What this task involves: The required output is the stretch from the line containing "Ein Hotelzimmer mit" through the line containing "photos & images" in the records below, unaltered and with no pictures.

Material supplied:
'''
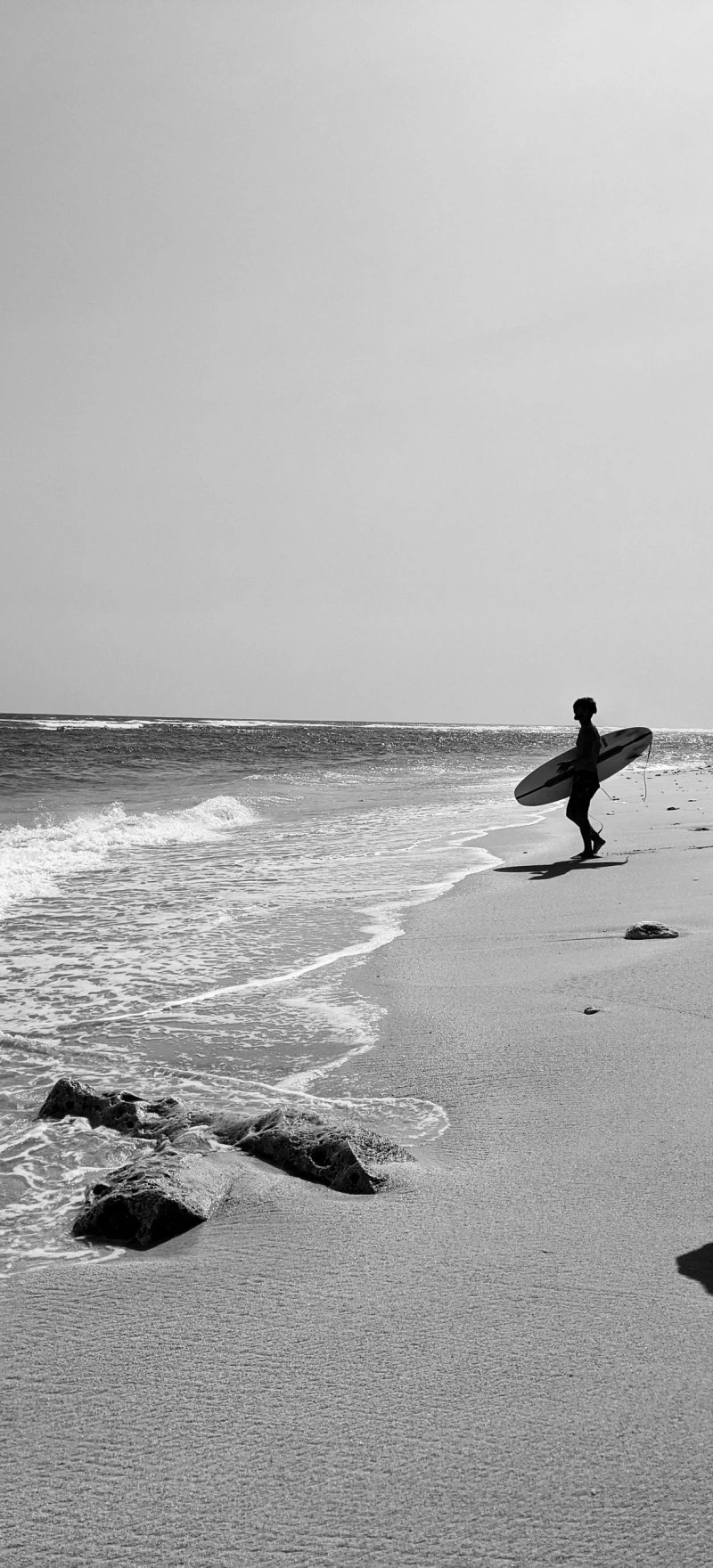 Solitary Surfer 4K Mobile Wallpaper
'''
'''
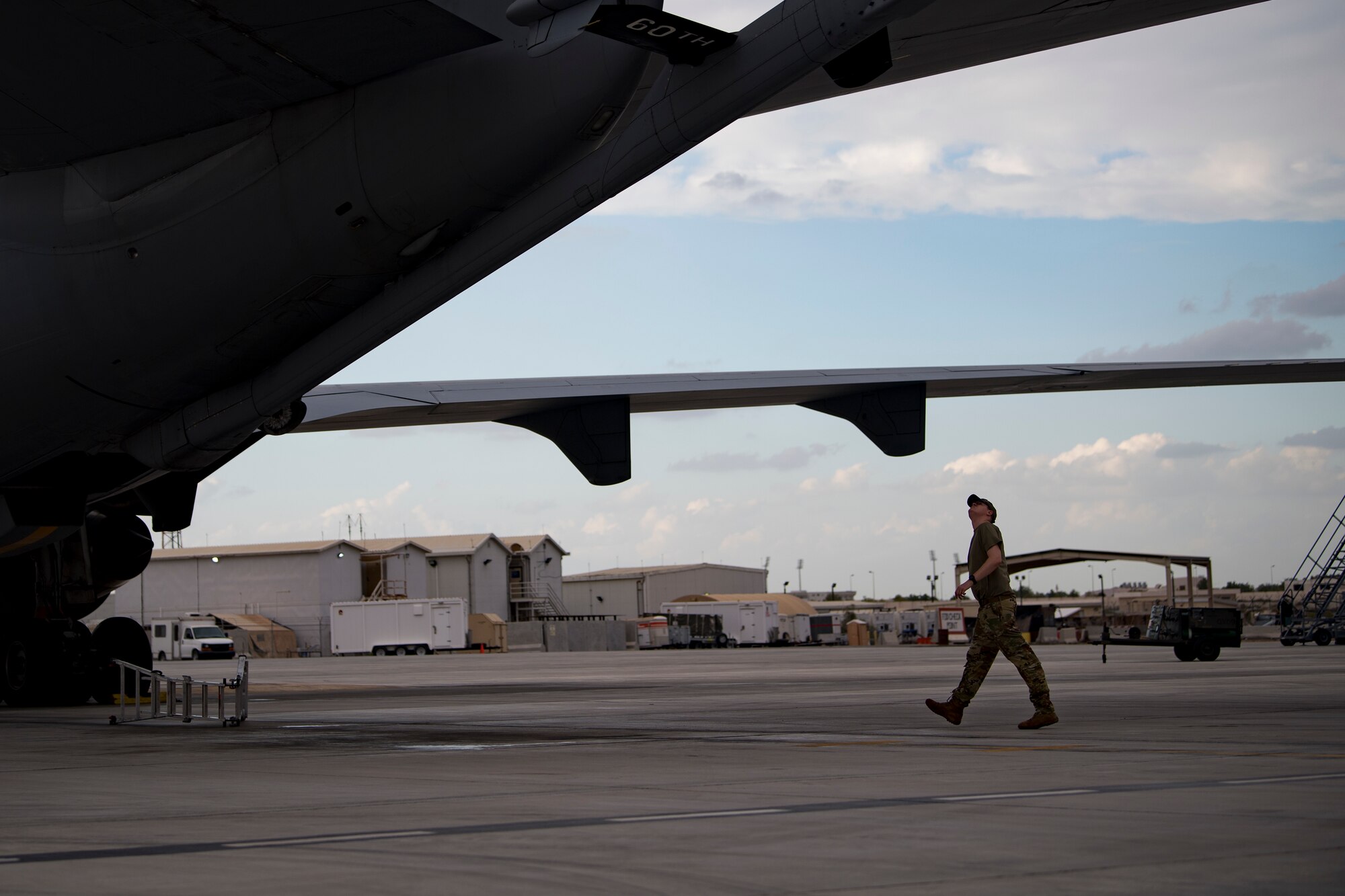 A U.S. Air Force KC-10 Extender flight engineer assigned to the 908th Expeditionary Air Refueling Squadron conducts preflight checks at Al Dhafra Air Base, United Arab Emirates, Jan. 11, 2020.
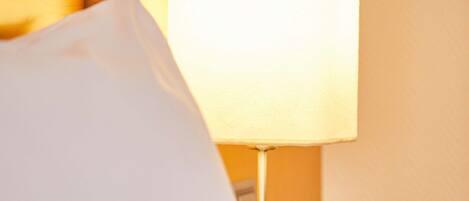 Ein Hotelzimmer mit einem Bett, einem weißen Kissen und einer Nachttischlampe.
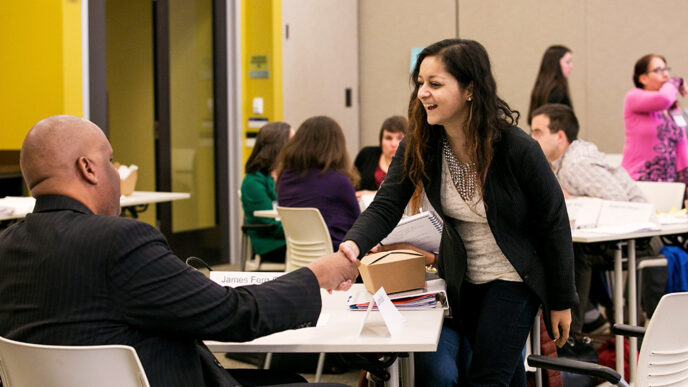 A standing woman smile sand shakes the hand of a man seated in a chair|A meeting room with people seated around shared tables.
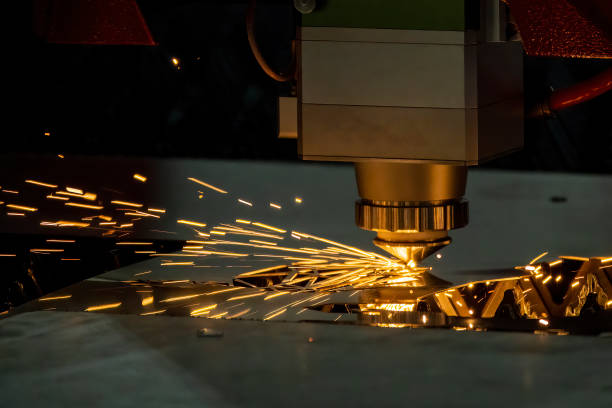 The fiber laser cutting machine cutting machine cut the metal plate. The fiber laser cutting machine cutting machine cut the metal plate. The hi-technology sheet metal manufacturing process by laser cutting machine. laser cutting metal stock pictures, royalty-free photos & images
'''
Exercise output:
 Ein Hotelzimmer mit einem Bett, einem weißen Kissen und einer Nachttischlampe.
 A standing woman smile sand shakes the hand of a man seated in a chair|A meeting room with people seated around shared tables.
 The fiber laser cutting machine cutting machine cut the metal plate. The fiber laser cutting machine cutting machine cut the metal plate. The hi-technology sheet metal manufacturing process by laser cutting machine. laser cutting metal stock pictures, royalty-free photos & images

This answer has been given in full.